● **STORED DATA**
▼

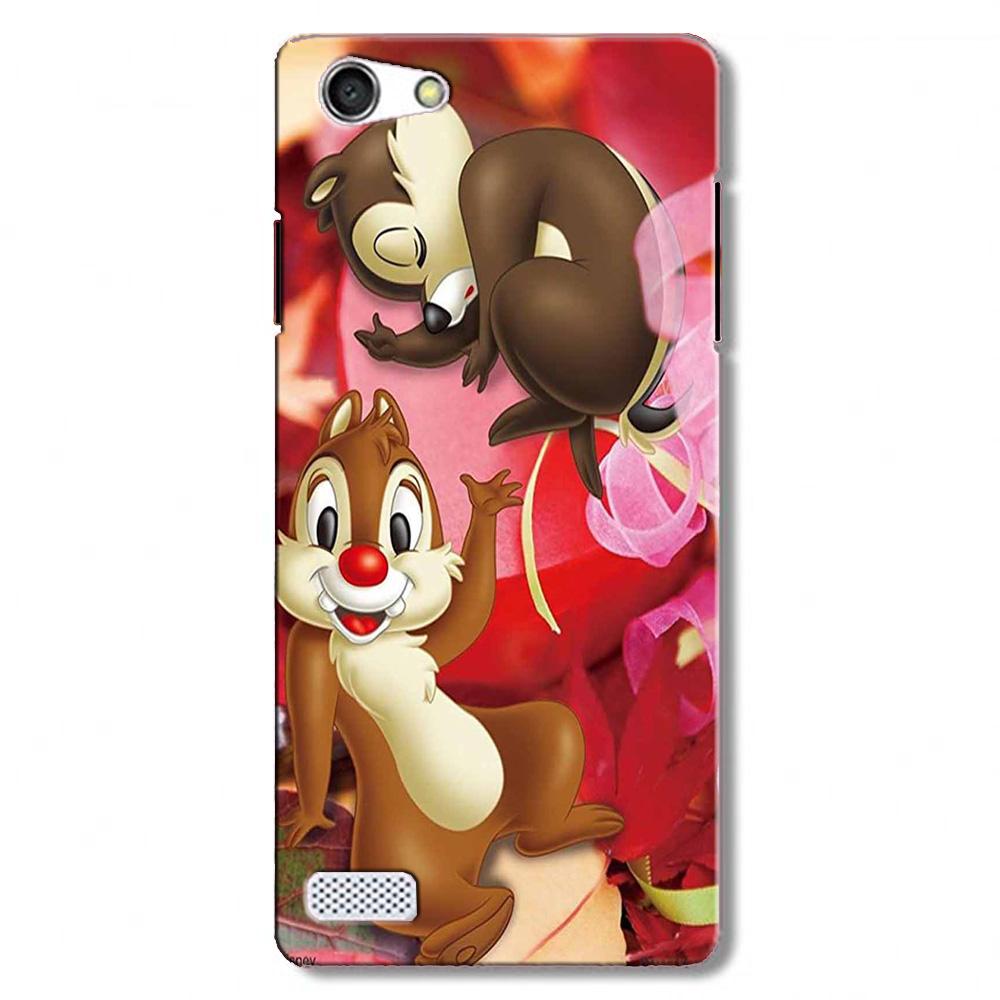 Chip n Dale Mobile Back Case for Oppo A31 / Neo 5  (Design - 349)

▲
▼

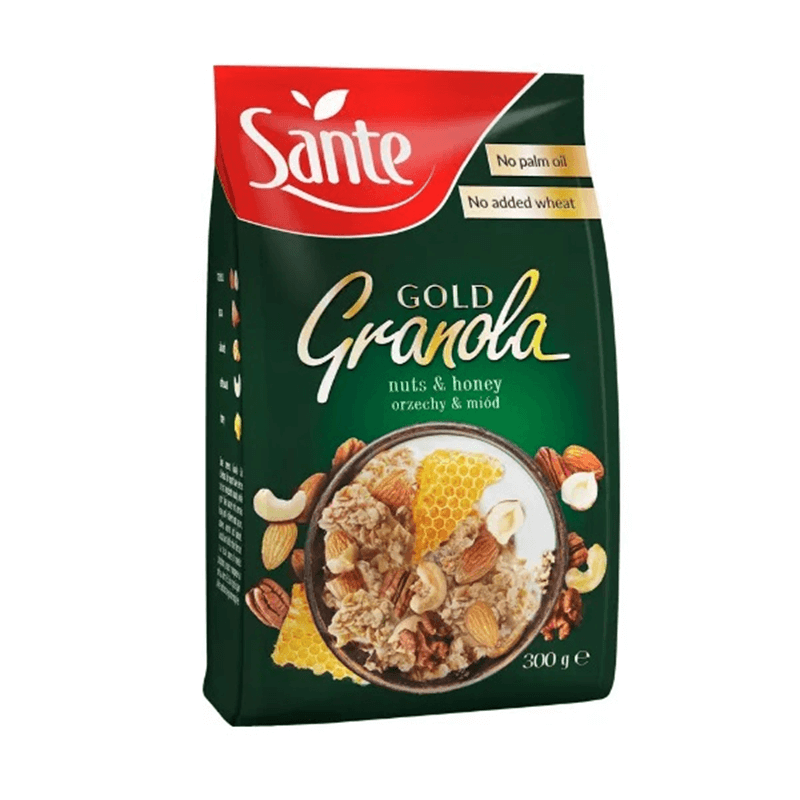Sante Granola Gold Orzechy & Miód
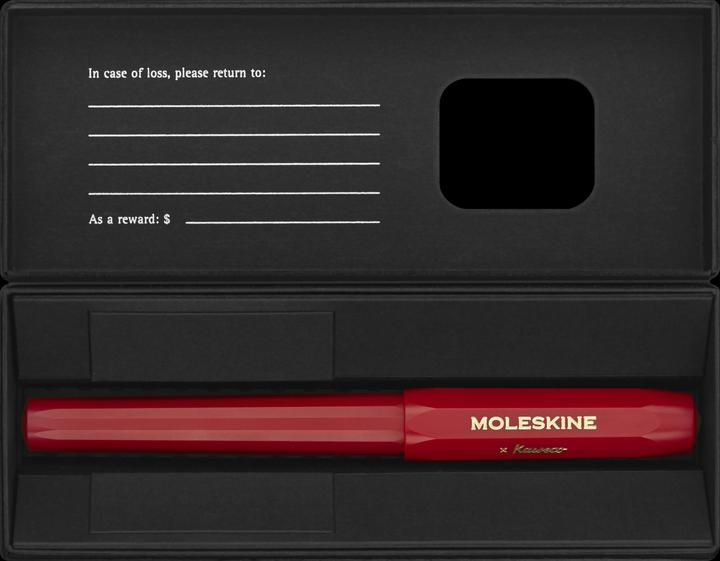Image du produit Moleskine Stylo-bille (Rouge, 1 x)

▲

● **WORK ITEM**
Set down again, word for word, every line from the one with "Sante Granola Gold Orzechy & Miód" to the one with "Image du produit" in the entries above, and omit the pictures.

● **RESPONSE AREA**
Sante Granola Gold Orzechy & Miód
Image du produit Moleskine Stylo-bille (Rouge, 1 x)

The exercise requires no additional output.